The Met Gala and American Culture


If one needed to find another description for the Met Gala, it could well be called the Fashion Olympics. The annual fashion-themed fundraiser tests creativity and pays homage to fashion as an art.

I imagine, for designers who dress celebrities, the prep takes months. The pressure to create something that would dominate the headlines and serve as a marker for cultural and social debate seems intense, to put it mildly.

This year’s theme was In America: A Fashion Lexicon, but it felt more like a dreaded catwalk that many barely made an effort to do.

Given the theme, one would have expected a prominence of American designers and general allusions to a culture synonymous with America and its values. But what is American culture? Is it the stained global image of the Trump administration that has yet to fade? Is it guns, capitalism and a ruthless health care system? I had a hard time associating anything with this and maybe it could also be a reminder of how much culture has changed over time to accommodate people of diverse backgrounds.

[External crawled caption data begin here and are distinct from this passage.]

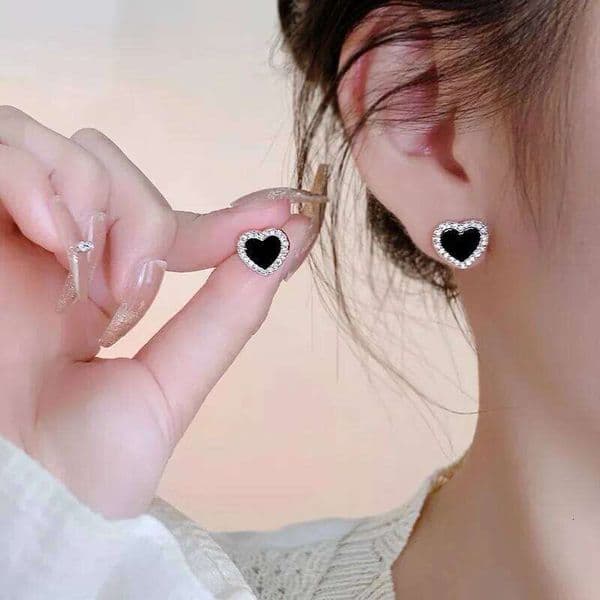 Black Color Crystal Heart Stud Earring for Women Korean Simple Enamel Geometry Temperament Jewelry Christmas Girlfriend Gift 26W0331
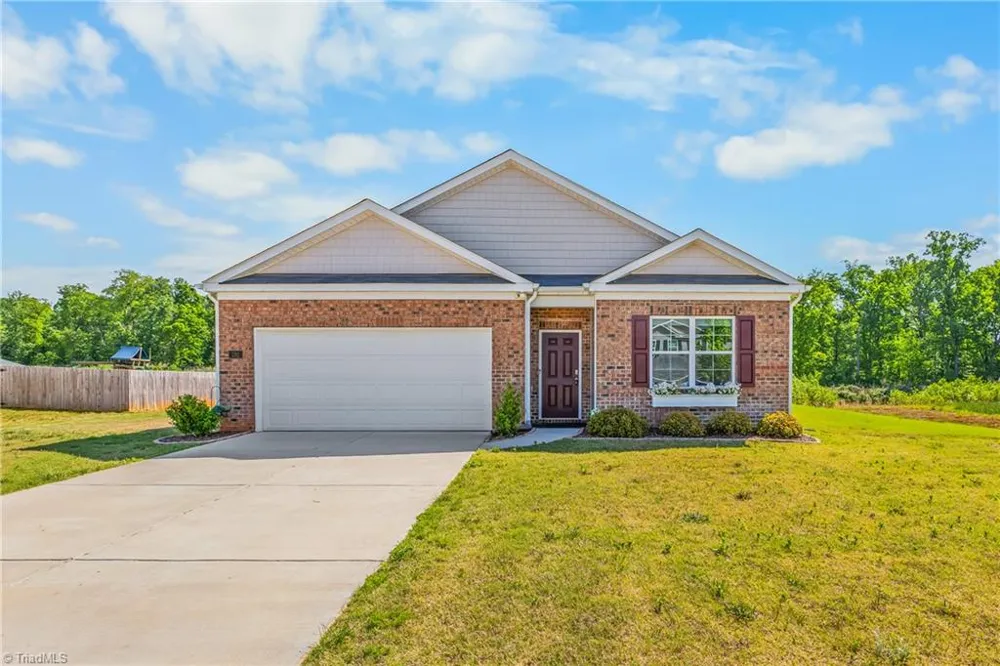 192 Culloden Drive Mocksville, NC 27028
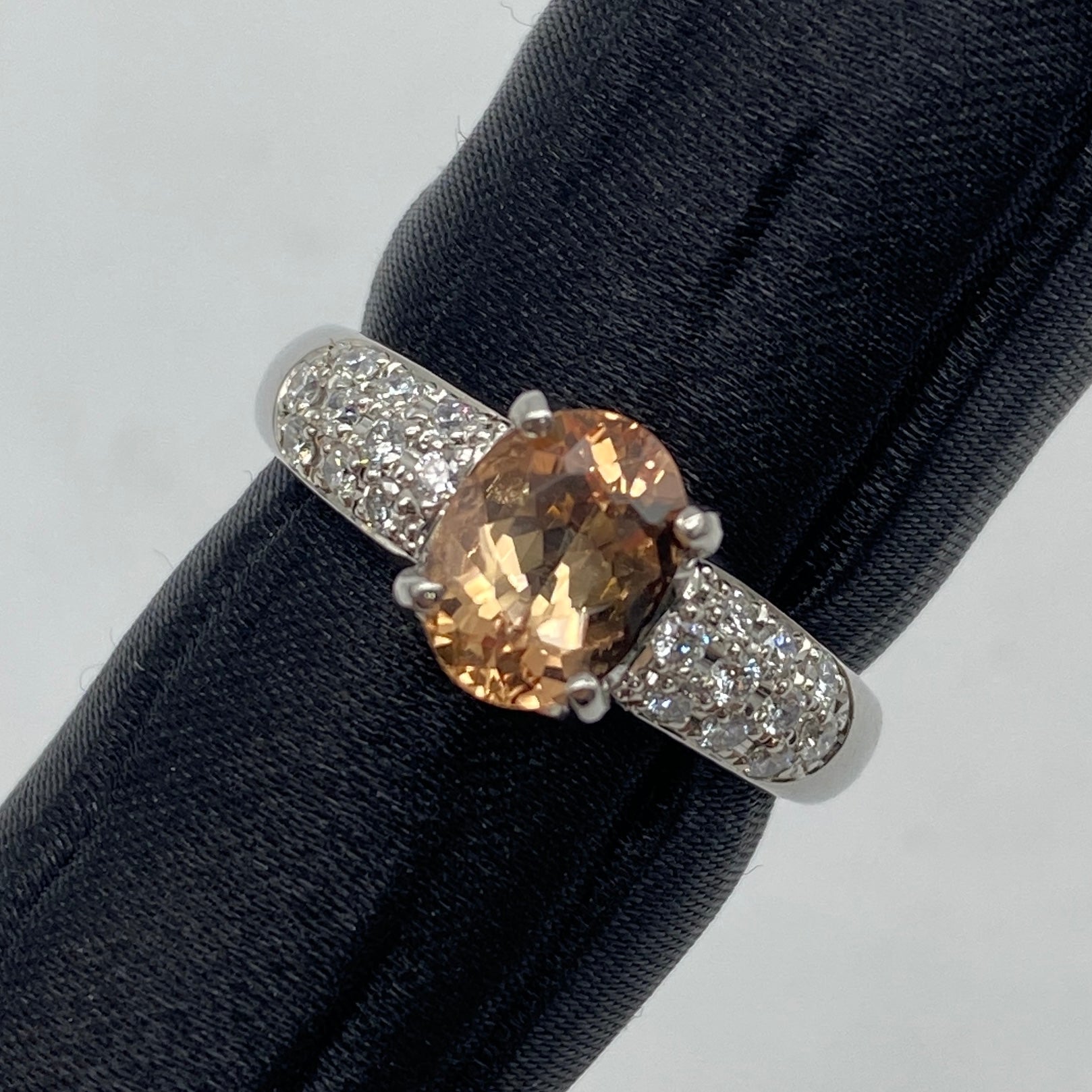 Pt900 IP Topaz Ring IPT1.46 NGLSorting US6.25 57895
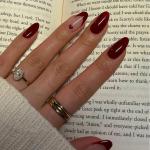 10pcs almond-shaped red nails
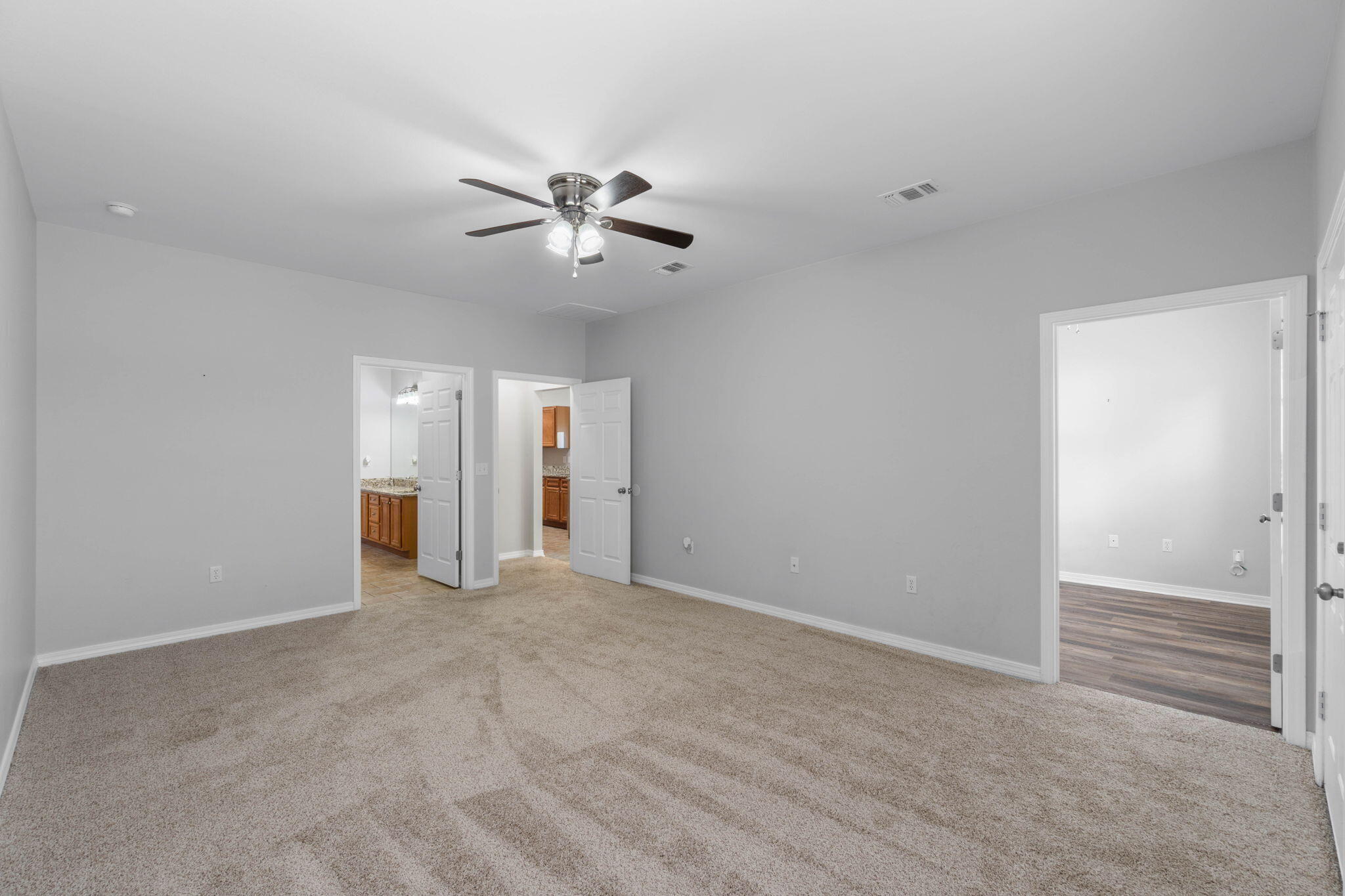 HERITAGE MANOR - Residential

Sure, there’s the Super Bowl and the epic July 4th, Thanksgiving, and Halloween celebrations, but they’re all built or supported by capitalism. I guess cowboy culture and southern aesthetics are other cultural perspectives to consider. But neither of them covers the whole country.

As I was thinking about designers, especially heritage designers, even they seemed far away and few in number. Ralph Lauren is always the name that comes to mind first and while there may be different labels based in America and finding one might seem easy, if you look closely they mostly tend to have their roots. elsewhere, which influences the overall aesthetic and brand to some extent. .

Perhaps the celebrities at the Met Gala did not want to ignore the theme by opting for predominantly European designers. Maybe the designers delivered their own brand because they too felt conflicted when it came to reconstructing American culture. If you ask me, this year has felt like a subtle manifestation, highlighting hot topics.

Between American politician Alexandria Ocasio-Cortez in a white dress with the words “Tax the Rich” painted on the back and Lewis Hamilton buying a table of tickets for black designers just so they can get some much needed exposure, we felt like more people were interested in just protesting anything that seemed unfair in American culture.